Takko Announces the Successful Pricing of €510 million Senior Secured Notes Due 2023


[Not for distribution in Canada, Australia or Japan]

Takko Announces the Successful Pricing of €510 million Senior Secured Notes Due 2023

Telgte, October, 26, 2017

The Takko Group (“the Group”), announced today that one of its affiliated companies, Takko Luxembourg 2 S.C.A, has completed the pricing of €510 million aggregate principal amount of senior secured notes due 2023 (the Notes), comprised of:

€285 million aggregate principal amount of 5.375% Senior Secured Fixed Rate Notes due 2023; and

€225 million aggregate principal amount of Senior Secured Floating Rate Notes due 2023 bearing interest at a rate of three-month EURIBOR (0% floor) plus 537.5 bps, reset quarterly.

The offering is expected to close on November 9, 2017. The net proceeds of the notes offering will be used, together with cash on hand, to redeem the Group’s existing senior secured notes in full and to pay certain fees and expenses related to the transaction.

For more information, please contact:

Takko Fashion
Alfred-Krupp-Str 21
48291 Telgte

Michael Huck (Manager Corporate Finance/ Investor Relations)

E-mail : investor.relations@takko.de


The notes are being offered in a private placement, and there will be no public offering of the notes. The notes will be offered and sold only to qualified institutional buyers in accordance with Rule 144A under the U.S. Securities Act of 1933, as amended (the "Securities Act") and to non-U.S. persons outside the United States in accordance with Regulation S under the Securities Act. No assurance can be given that the offering will be completed or, if completed, as to the terms on which it will be completed. This announcement is for informational purposes only and does not constitute or form a part of any offer or solicitation to purchase or subscribe for securities in the United States or in any jurisdiction in which, or to any person to whom, such offer or solicitation would be unlawful. The notes have not been, and will not be, registered under the Securities Act. The notes may not be offered or sold in the United States absent registration or an applicable exemption from the registration requirements of the Securities Act.

This announcement is being distributed in the United Kingdom only to, and is directed at (a) persons who have professional experience in matters relating to investments who fall within Article 19(1) of the Financial Services and Markets Act 2000 (Financial Promotion) Order 2005 (the “Order”) or (b) high net worth entities, and other persons to whom it may otherwise lawfully be communicated, falling within Article 49(1) of the Order (all such persons together being referred to as “relevant persons”). The investments to which this announcement relates are available only to, and any invitation, offer or agreement to subscribe, purchase or otherwise acquire such investments will be available only to or will be engaged in only with, relevant persons.
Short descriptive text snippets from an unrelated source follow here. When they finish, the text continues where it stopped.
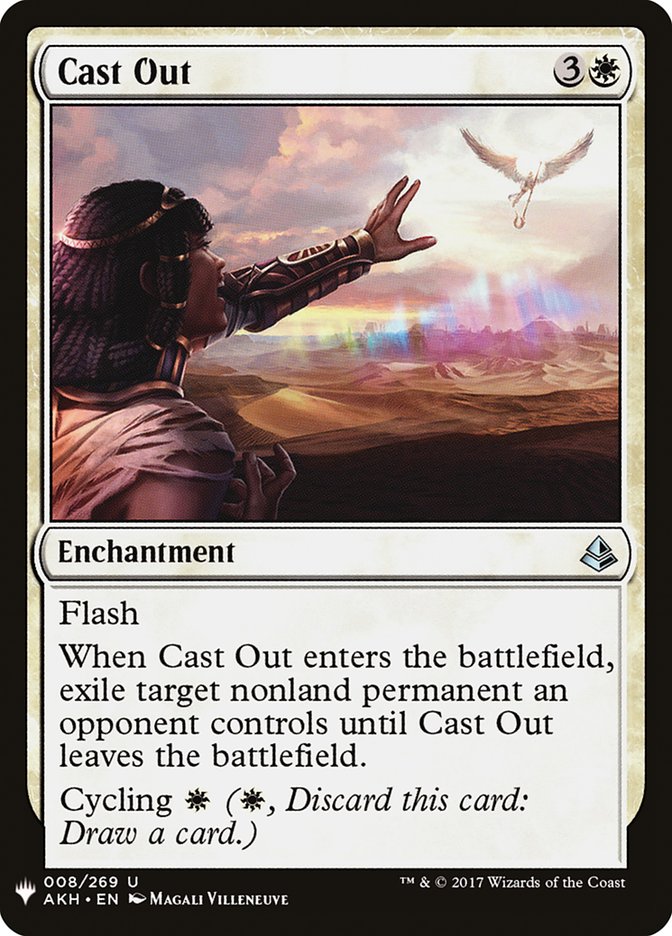 Cast Out [Mystery Booster] | Game Haven TX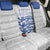 Custom England Fooball Back Car Seat Cover The Three Lions Blue Version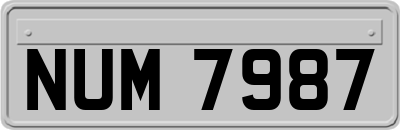 NUM7987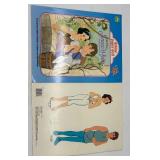 Disney Snow White Collectible Set - Books, Paper Doll, Magnets, and Figurines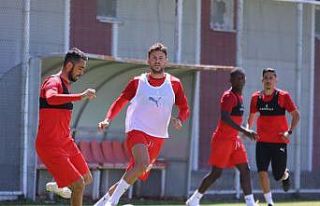 Sivasspor çift kale maç yaptı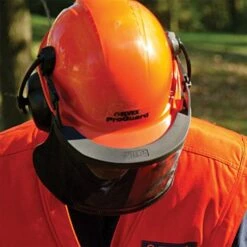 Elvex ProGuard Helmet With 6-Point Ratchet-Adjustable Vented Cap -Wilson Bros Gardens Shop cu30v 6 1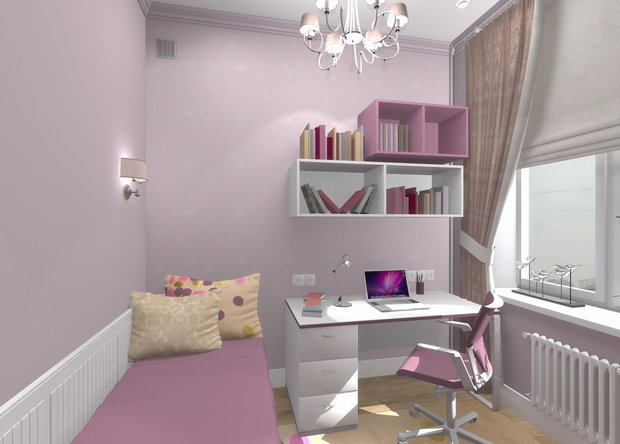 Фото из портфолио Квартира на Кутузовском – фотографии дизайна интерьеров на INMYROOM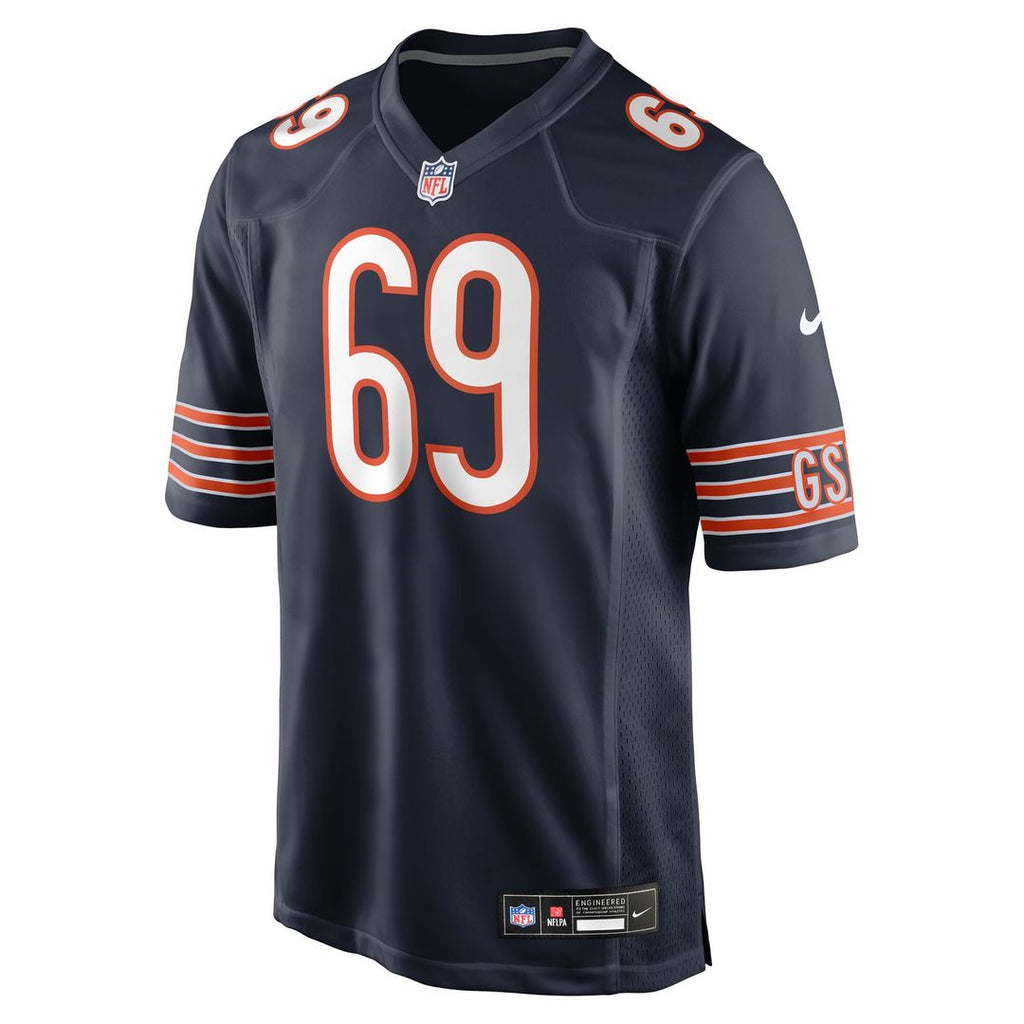Jeremiah Martin Chicago Bears Team Jersey - Navy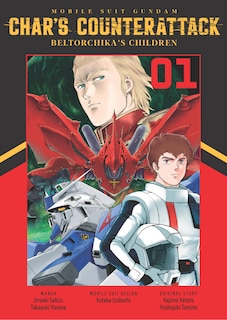 Front cover_Mobile Suit Gundam: Char's Counterattack, Volume 1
This announcement does not constitute and shall not, in any circumstances, constitute a public offering nor an invitation to the public in connection with any offer within the meaning of the Directive 2003/71/EC (the “Prospectus Directive”), as implemented in Member States of the European Economic Area, and, once fully effective, under Regulation (EU) 2017/1129 (the “Prospectus Regulation”). The offer and sale of the notes will be made pursuant to an exemption under the Prospectus Directive and, once fully effective, under the Prospectus Regulation, from the requirement to produce a prospectus for offers of securities.

Neither the content of the Group’s website nor any website accessible by hyperlinks on the Group’s website is incorporated in, or forms part of, this announcement. The distribution of this announcement into certain jurisdictions may be restricted by law. Persons into whose possession this announcement comes should inform themselves about and observe any such restrictions. Any failure to comply with these restrictions may constitute a violation of the securities laws of any such jurisdiction.


This press release may include forward-looking statements. These forward-looking statements can be identified by the use of forward-looking terminology, including the terms “believes”, “estimates”, “anticipates”, “expects”, “intends”, “may”, “will” or “should” or, in each case, their negative, or other variations or comparable terminology. These forward-looking statements include all matters that are not historical facts and include statements regarding the Group’s intentions, beliefs or current expectations concerning, among other things, the Group’s results of operations, financial condition, liquidity, prospects, growth, strategies and the industries in which it operates. By their nature, forward-looking statements involve risks and uncertainties because they relate to events and depend on circumstances that may or may not occur in the future. Readers are cautioned that forward-looking statements are not guarantees of future performance and that the Group’s actual results of operations, financial condition and liquidity, and the development of the industries in which they operate may differ materially from those made in or suggested by the forward-looking statements contained in this press release. In addition, even if the Group’s results of operations, financial condition and liquidity, and the development of the industries in which they operate are consistent with the forward-looking statements contained in this press release, those results or developments may not be indicative of results or developments in subsequent periods.